__TASK PROMPT__: Your answer must be only the lines below from the one containing "(W) Jordan 1 Retro High OG Seafoam 착용 스타일" through the one containing "Nur Beach Hotel", copied exactly, with the pictures left out.

__EXERCISE MATERIALS__:
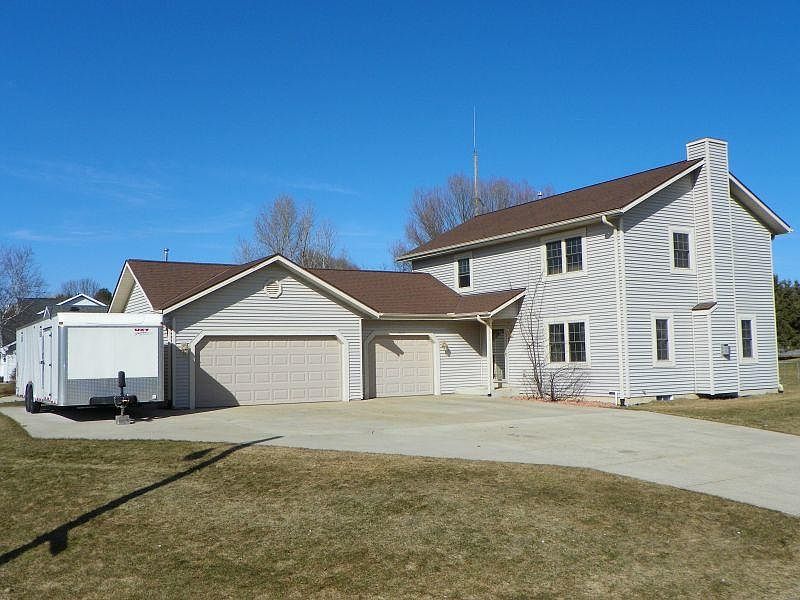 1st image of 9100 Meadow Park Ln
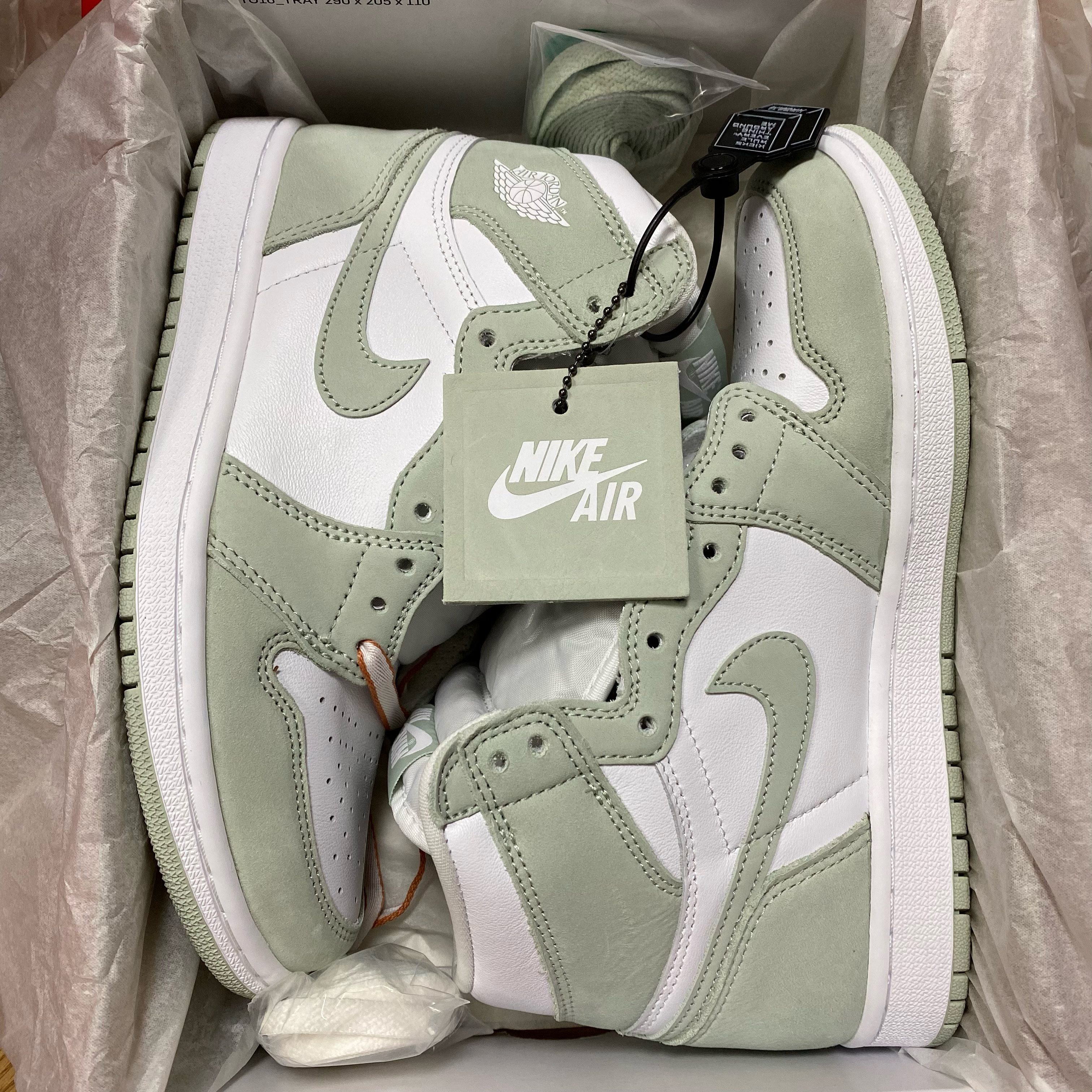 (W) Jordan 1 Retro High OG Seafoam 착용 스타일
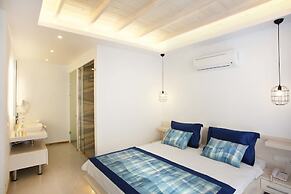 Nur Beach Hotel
...
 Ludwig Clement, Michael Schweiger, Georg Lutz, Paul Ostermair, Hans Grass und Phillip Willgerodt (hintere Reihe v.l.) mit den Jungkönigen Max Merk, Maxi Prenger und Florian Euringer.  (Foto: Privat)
--
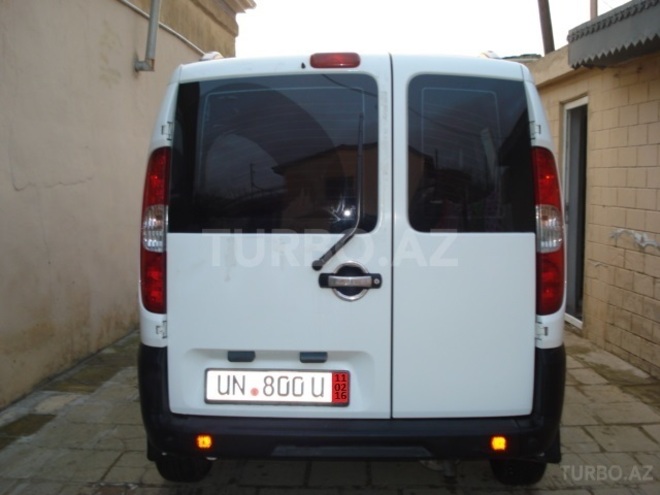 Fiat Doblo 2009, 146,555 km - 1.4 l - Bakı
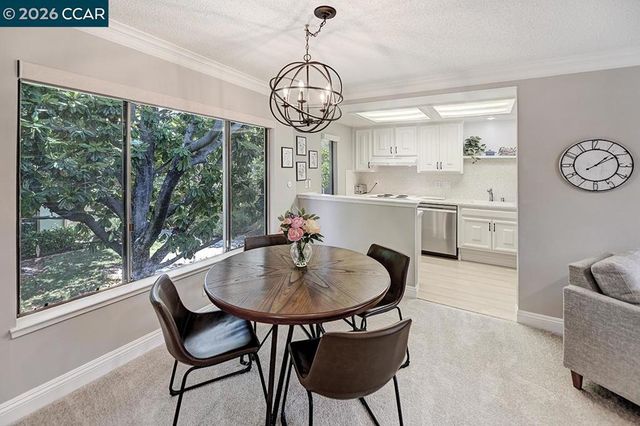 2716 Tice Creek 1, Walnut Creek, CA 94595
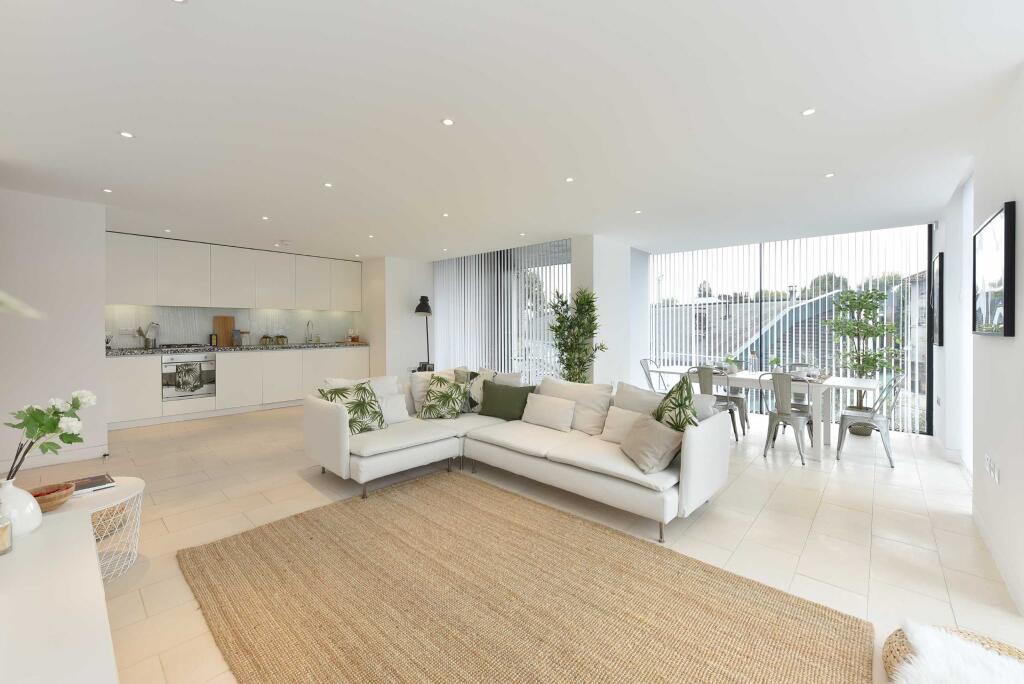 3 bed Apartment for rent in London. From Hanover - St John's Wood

__ANSWER TO THIS PROBLEM__:
 (W) Jordan 1 Retro High OG Seafoam 착용 스타일
 Nur Beach Hotel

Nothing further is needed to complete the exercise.